But today the rains came back with a preview of what they'll be like in earnest soon, and I felt like the little fish who thinks it has drawn its last gasp only to be thrown back for being too small at the very last second. The air is cool and wraps around my skin like cotton wool and it is almost possible to open my eyes all the way. I am almost not afraid of what may fall from beneath my eyelids again.

I can pinpoint the moment when the bands around my chest loosened this year--it was while I was standing on the Arno, having just finished visiting some early versions of the Inferno and swooning madly. I paused near a bridge and it started to rain, and as a flurry of umbrellas opened around me something broke and, just like that, I could breathe. Not free, but with the cupboard door open. It is only when it rains that I find it possible to walk through those doors, not around the monsters, but with them.

When I went to open my blinds this evening, for the first time in months, a fortune cookie fortune fell from somewhere, saying, "you will have much to give thanks for this month."

This month, and every other month too.

Monday, September 22, 2008

It's spider season, the time when they all pack their webs in their little suitcases and come inside to hide from the cold and the coming rains. I don't mind spiders, as long as they're not poisonous--I like the precise way that they walk. I just don't want them in my bed. I was clearing some of the finished books off of the other side of my head--there were a bunch of them, giving a pretty accurate picture of what's been going on around here lately--and a tiny black spider scurried across the sheet and down the other side.

A few years ago, just after I moved to Seattle, a spider got trapped between the back of my knee and my pajamas in my sleep and, panicked, proceeded to bite like crazy. Anyway, that's what we figured happened, because a few days later the hinge of my left knee was peppered with welts that turned into something deeply disgusting that eventually turned into the scars that are still there. (I have a long history of accidentally ending up with bugs in my pants, like the time some wasps built a nest in some red Winnie the Pooh pants that my mom had left on the clothes line for too long when I was a wee thing.) So no spiders in my bed. That's what the corners of the ceiling are for.

(Hey internet, I finally finished my damnable dress.
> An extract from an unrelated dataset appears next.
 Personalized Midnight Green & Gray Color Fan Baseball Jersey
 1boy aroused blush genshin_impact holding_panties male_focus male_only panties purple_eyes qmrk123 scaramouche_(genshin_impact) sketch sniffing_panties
Freaking Vogue and their complicated patterns.)

Sunday, September 21, 2008

The main problem with being trapped in these brambles is that I worry about leaving too much behind, snagged on the thorns. I'm never very whole to begin with, riddled with blank spaces, and struggling to get out only drives me deeper in. It's the ribbons and hunks of flesh stuck on the branches that bother me, less than the wounds themselves. I'm not sure there's enough of me to go around.

In my dream you exhaled a cloud of bees and they swarmed, stinging my hands until they were plump with venom. I couldn't move my fingers, but I could cover my eyes until they blocked out the world.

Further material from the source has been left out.